PROVIDED DATA:
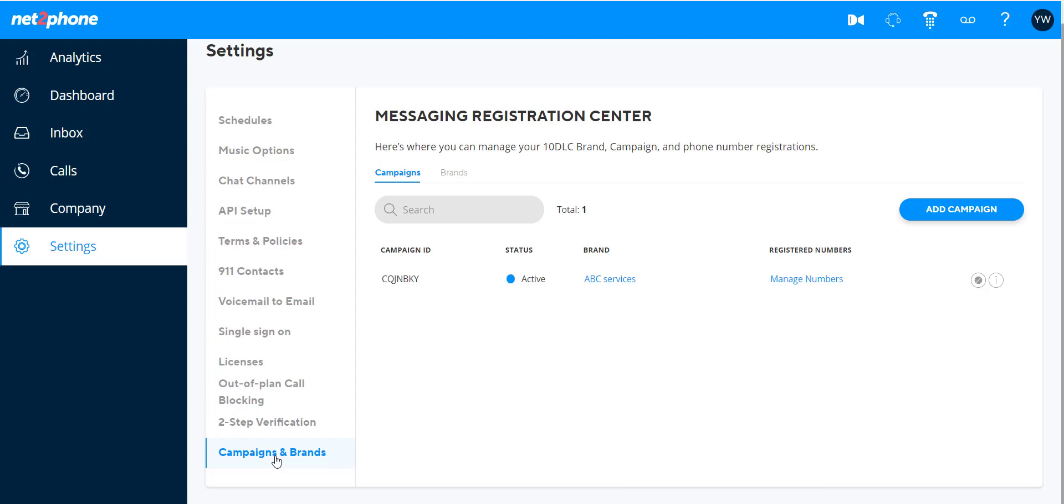The Registration Center has two main sections. The Campaigns tab, where you see a list of the campaigns, and the Brands tab, where you see a list of brands registered for this customer.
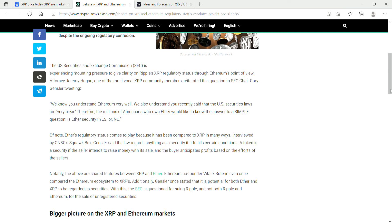The U.S. Securities Exchange Commission is experiencing mounting pressure to give clarity on Ripple's XRP regulatory status through Ethereum's point of view. Attorney Jeremy Hogan, one of the most vocal XRP community members, reiterated this question to SEC Chair Gary Gensler tweeting: We know you understand Ethereum very well. We also understand you recently said U.S. securities laws are very clear. Therefore the millions of Americans who own Ether would like to know the answer to a simple question: Is Ether security yes or no?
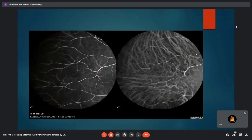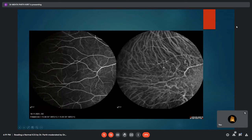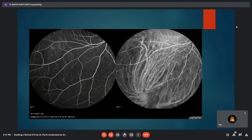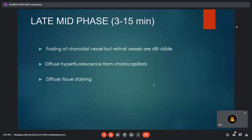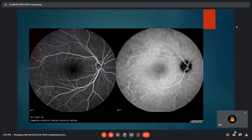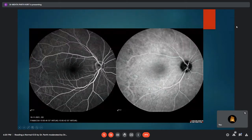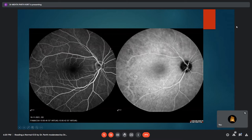In the early mid-phase, quadrant examination is performed to look for any pathology, including filling of the vortex vein in the periphery. In the late mid-phase, lasting 3 to 15 minutes, there is gradual fading of the choroidal vessels while retinal vessels remain visible. There is diffuse hyperfluorescence from the choriocapillaries and diffuse tissue staining. All choroidal vessels seen prominently in earlier phases have now gradually faded, while retinal veins and arteries remain prominent.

REQUIRED WORK:
Copy out all the data exactly. The images should not appear in the copy.

COMPLETED EXERCISE:
The Registration Center has two main sections. The Campaigns tab, where you see a list of the campaigns, and the Brands tab, where you see a list of brands registered for this customer.
The U.S. Securities Exchange Commission is experiencing mounting pressure to give clarity on Ripple's XRP regulatory status through Ethereum's point of view. Attorney Jeremy Hogan, one of the most vocal XRP community members, reiterated this question to SEC Chair Gary Gensler tweeting: We know you understand Ethereum very well. We also understand you recently said U.S. securities laws are very clear. Therefore the millions of Americans who own Ether would like to know the answer to a simple question: Is Ether security yes or no?
In the early mid-phase, quadrant examination is performed to look for any pathology, including filling of the vortex vein in the periphery. In the late mid-phase, lasting 3 to 15 minutes, there is gradual fading of the choroidal vessels while retinal vessels remain visible. There is diffuse hyperfluorescence from the choriocapillaries and diffuse tissue staining. All choroidal vessels seen prominently in earlier phases have now gradually faded, while retinal veins and arteries remain prominent.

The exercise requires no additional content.